(Stored records)

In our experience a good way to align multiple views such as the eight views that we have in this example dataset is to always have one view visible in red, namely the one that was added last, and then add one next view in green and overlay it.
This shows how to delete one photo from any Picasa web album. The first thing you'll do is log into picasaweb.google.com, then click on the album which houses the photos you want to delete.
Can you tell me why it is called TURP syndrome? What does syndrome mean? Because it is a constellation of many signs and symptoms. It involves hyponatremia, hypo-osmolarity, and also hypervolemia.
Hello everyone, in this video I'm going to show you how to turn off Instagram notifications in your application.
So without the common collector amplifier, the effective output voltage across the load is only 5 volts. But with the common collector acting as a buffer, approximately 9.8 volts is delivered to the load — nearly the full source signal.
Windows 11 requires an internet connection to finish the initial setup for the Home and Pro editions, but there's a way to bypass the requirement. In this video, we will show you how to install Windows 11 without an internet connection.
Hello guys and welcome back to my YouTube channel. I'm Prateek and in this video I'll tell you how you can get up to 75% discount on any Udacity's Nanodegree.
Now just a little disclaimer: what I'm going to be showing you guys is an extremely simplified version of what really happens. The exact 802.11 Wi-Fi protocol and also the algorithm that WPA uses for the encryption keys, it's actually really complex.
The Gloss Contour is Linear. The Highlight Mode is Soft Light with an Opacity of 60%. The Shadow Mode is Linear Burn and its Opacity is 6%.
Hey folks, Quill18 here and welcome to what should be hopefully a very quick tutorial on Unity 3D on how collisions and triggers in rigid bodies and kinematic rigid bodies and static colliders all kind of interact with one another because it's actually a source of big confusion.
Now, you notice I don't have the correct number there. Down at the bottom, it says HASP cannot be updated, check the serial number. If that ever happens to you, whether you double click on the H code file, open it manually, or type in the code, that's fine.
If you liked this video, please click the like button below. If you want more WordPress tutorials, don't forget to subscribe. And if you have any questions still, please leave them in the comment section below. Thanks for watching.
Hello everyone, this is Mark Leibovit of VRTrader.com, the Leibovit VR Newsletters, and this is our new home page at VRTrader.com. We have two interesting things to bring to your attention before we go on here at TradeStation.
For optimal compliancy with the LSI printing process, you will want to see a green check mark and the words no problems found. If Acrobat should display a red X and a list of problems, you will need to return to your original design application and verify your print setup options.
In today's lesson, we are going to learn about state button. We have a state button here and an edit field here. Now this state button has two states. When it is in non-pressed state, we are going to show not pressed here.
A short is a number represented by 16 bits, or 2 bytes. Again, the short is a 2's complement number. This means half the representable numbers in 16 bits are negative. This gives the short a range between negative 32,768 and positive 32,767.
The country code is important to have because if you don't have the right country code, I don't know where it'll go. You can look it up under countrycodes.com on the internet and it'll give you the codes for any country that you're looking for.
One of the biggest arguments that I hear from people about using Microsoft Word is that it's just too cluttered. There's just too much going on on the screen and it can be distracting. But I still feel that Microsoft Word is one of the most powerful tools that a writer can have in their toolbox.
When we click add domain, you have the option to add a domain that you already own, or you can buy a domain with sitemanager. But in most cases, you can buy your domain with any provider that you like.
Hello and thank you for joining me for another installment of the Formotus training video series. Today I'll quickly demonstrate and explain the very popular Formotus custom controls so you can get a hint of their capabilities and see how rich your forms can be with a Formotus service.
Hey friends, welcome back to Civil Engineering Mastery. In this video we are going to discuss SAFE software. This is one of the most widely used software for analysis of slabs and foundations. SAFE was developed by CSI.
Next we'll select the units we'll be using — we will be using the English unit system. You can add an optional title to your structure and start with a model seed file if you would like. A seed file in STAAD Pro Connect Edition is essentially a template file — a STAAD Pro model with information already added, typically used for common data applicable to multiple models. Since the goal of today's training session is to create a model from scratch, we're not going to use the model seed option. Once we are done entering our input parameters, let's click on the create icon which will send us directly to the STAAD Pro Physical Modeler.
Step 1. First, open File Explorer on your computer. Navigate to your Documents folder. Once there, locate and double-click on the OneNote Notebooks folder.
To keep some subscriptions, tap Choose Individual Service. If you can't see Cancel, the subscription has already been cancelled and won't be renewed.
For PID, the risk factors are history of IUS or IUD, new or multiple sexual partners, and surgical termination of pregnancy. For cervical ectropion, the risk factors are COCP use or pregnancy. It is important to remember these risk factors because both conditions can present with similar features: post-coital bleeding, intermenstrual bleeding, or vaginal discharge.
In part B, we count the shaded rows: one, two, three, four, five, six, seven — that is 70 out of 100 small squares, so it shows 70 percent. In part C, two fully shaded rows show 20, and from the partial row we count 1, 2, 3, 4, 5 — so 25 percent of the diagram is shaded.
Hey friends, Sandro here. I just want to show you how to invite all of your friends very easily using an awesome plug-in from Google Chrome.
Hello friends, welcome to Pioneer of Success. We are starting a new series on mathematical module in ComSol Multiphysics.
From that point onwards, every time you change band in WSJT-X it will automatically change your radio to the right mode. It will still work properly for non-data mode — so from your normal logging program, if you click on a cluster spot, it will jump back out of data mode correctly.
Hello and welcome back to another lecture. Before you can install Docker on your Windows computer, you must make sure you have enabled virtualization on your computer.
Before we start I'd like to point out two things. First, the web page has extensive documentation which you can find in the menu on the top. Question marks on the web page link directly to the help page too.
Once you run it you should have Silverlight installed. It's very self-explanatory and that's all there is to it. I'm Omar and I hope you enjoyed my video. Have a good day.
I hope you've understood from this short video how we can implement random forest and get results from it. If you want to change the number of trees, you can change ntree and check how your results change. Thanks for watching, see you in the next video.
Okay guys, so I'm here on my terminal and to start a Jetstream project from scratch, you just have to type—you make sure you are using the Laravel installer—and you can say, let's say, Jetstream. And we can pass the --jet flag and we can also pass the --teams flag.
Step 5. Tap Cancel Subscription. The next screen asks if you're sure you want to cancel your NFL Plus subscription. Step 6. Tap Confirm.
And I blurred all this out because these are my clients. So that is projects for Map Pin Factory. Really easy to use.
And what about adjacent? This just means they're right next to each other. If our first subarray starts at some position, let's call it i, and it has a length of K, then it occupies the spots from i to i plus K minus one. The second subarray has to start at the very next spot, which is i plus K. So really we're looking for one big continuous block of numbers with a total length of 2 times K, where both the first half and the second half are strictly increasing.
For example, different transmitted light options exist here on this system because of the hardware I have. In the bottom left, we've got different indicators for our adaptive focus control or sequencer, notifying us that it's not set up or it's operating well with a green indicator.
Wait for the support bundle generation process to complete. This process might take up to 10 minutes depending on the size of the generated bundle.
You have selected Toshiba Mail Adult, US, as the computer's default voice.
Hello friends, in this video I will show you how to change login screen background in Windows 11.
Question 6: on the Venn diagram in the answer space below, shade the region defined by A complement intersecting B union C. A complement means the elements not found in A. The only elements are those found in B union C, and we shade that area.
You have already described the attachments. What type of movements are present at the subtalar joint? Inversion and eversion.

» **Work request**
Return the span of lines in the data above that opens at the line with "Hey folks, Quill18" and closes at the line with "In today's lesson, we", exactly, ends included, nothing else.

» **Exercise response**
Hey folks, Quill18 here and welcome to what should be hopefully a very quick tutorial on Unity 3D on how collisions and triggers in rigid bodies and kinematic rigid bodies and static colliders all kind of interact with one another because it's actually a source of big confusion.
Now, you notice I don't have the correct number there. Down at the bottom, it says HASP cannot be updated, check the serial number. If that ever happens to you, whether you double click on the H code file, open it manually, or type in the code, that's fine.
If you liked this video, please click the like button below. If you want more WordPress tutorials, don't forget to subscribe. And if you have any questions still, please leave them in the comment section below. Thanks for watching.
Hello everyone, this is Mark Leibovit of VRTrader.com, the Leibovit VR Newsletters, and this is our new home page at VRTrader.com. We have two interesting things to bring to your attention before we go on here at TradeStation.
For optimal compliancy with the LSI printing process, you will want to see a green check mark and the words no problems found. If Acrobat should display a red X and a list of problems, you will need to return to your original design application and verify your print setup options.
In today's lesson, we are going to learn about state button. We have a state button here and an edit field here. Now this state button has two states. When it is in non-pressed state, we are going to show not pressed here.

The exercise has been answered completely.